◆ Problem details ◆
Exactly as written, set down the lines from the top of the entries through the line bearing "Patent US11854498 Figure", with every picture left out.

◆ Pictures with short captions ◆

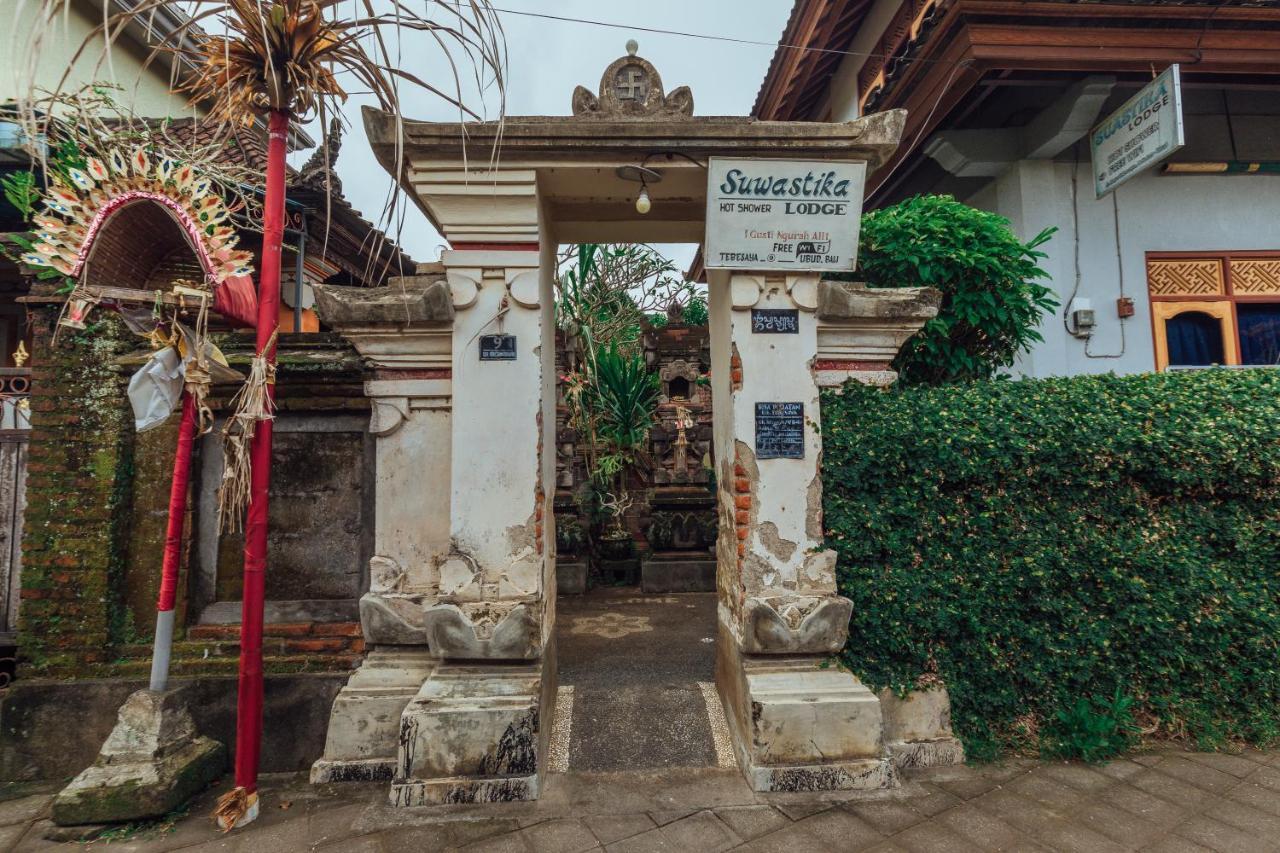 Suastika Lodge Ubud  Bagian luar foto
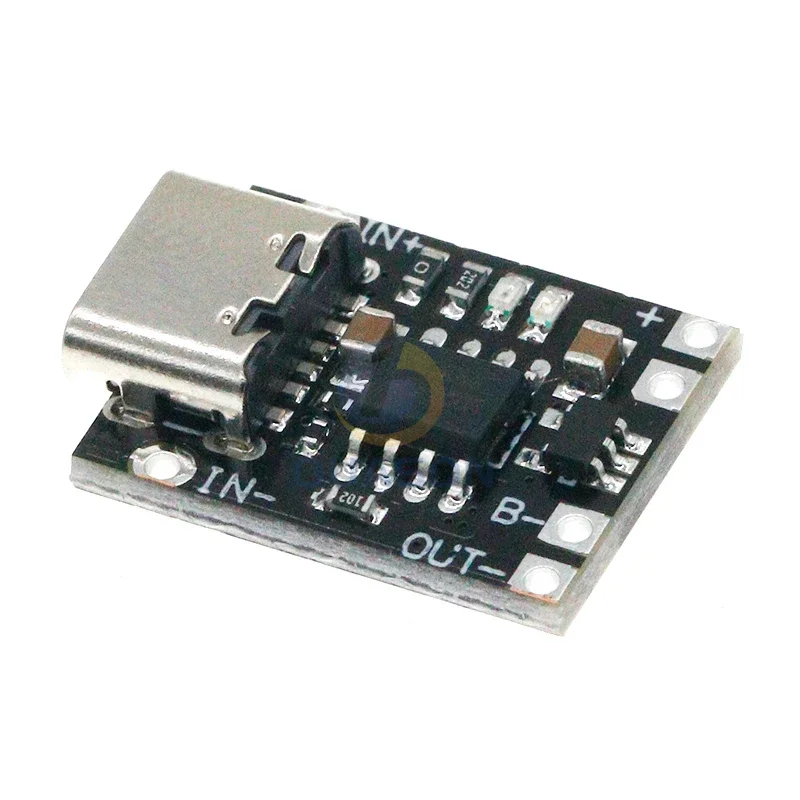 超小型リチウム電池充電パネル 1A 三元リチウム電池 3.7V4.2V 充電器モジュール Type-C 保護ボード付き
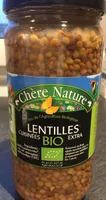 Lentilles Cuisinées BIO Extra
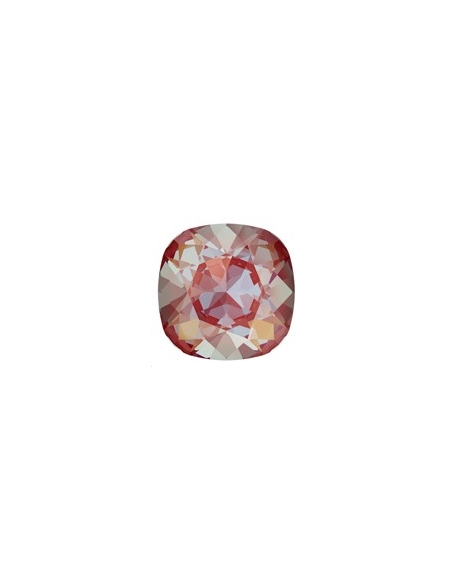 Cabochon carré 10mm crystal rore  Cabochons carré 10mm (4470)- 1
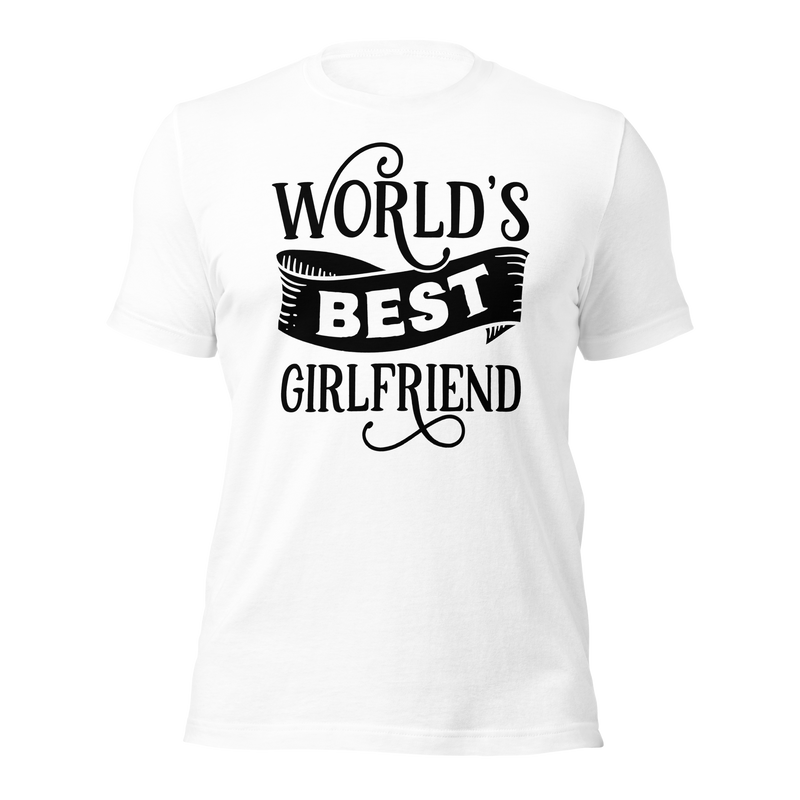 World's Best Girlfriend and Boyfriend Matching T Shirts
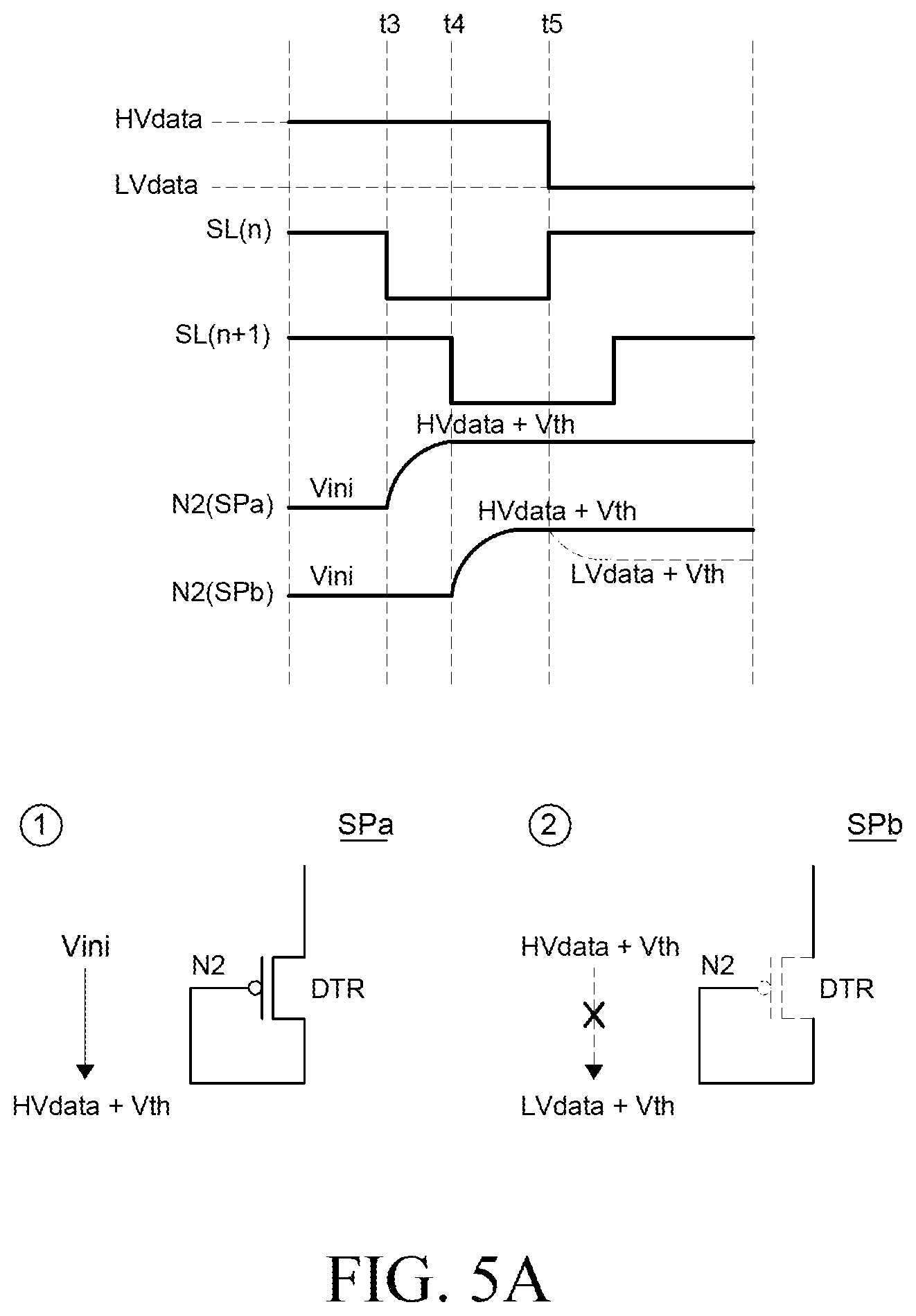 Patent US11854498 Figure 6 – Display device having a plurality of sub-pixels for displaying odd or even numbered grayscale levels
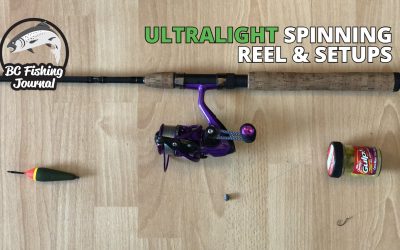 Ice Fishing Inline vs Spinning Reels and Review of the Piscifun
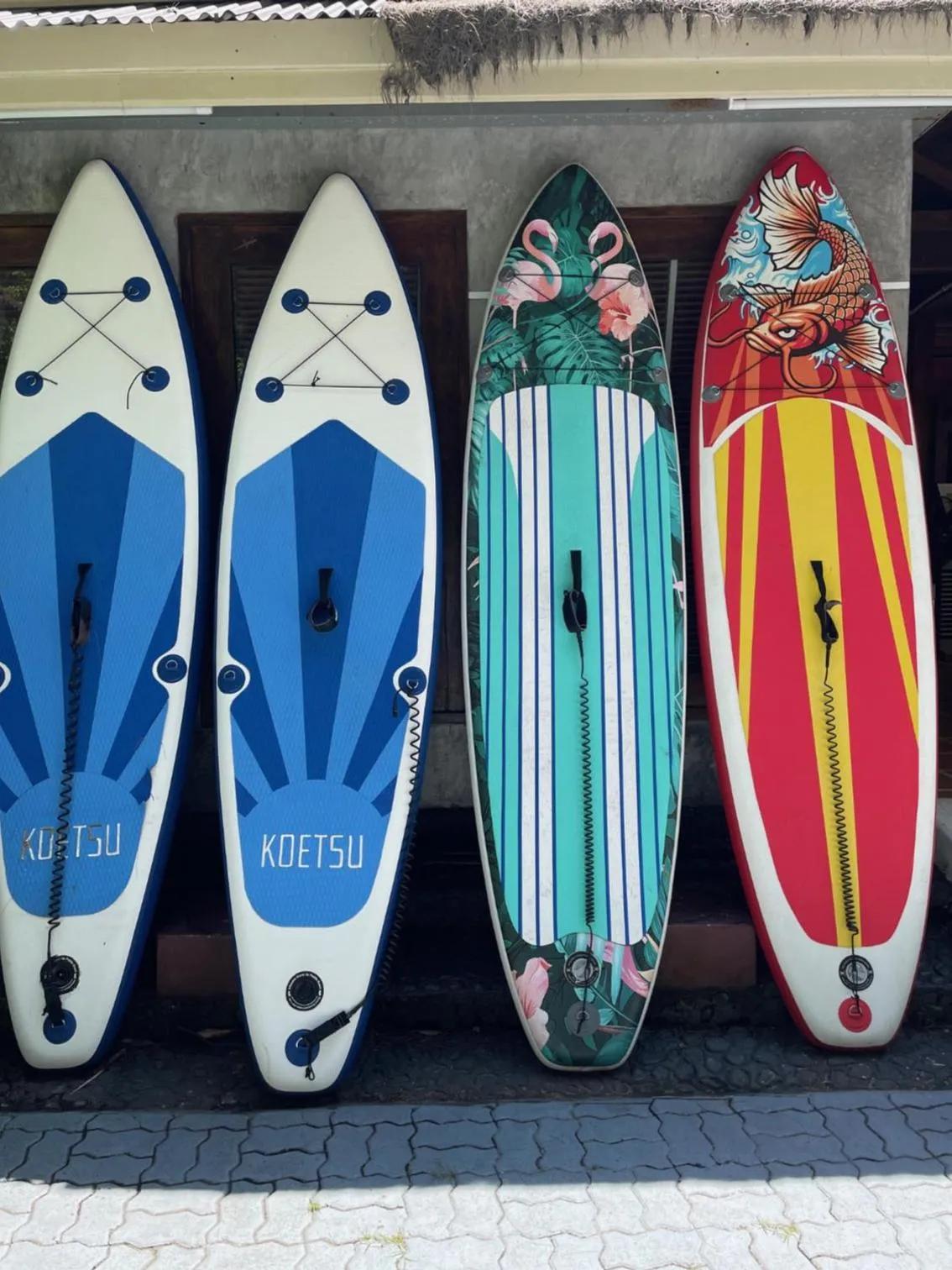 Activities in Pakmeng Resort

◆ Output for this task ◆
 Suastika Lodge Ubud  Bagian luar foto
 超小型リチウム電池充電パネル 1A 三元リチウム電池 3.7V4.2V 充電器モジュール Type-C 保護ボード付き
 Lentilles Cuisinées BIO Extra
 Cabochon carré 10mm crystal rore  Cabochons carré 10mm (4470)- 1
 World's Best Girlfriend and Boyfriend Matching T Shirts
 Patent US11854498 Figure 6 – Display device having a plurality of sub-pixels for displaying odd or even numbered grayscale levels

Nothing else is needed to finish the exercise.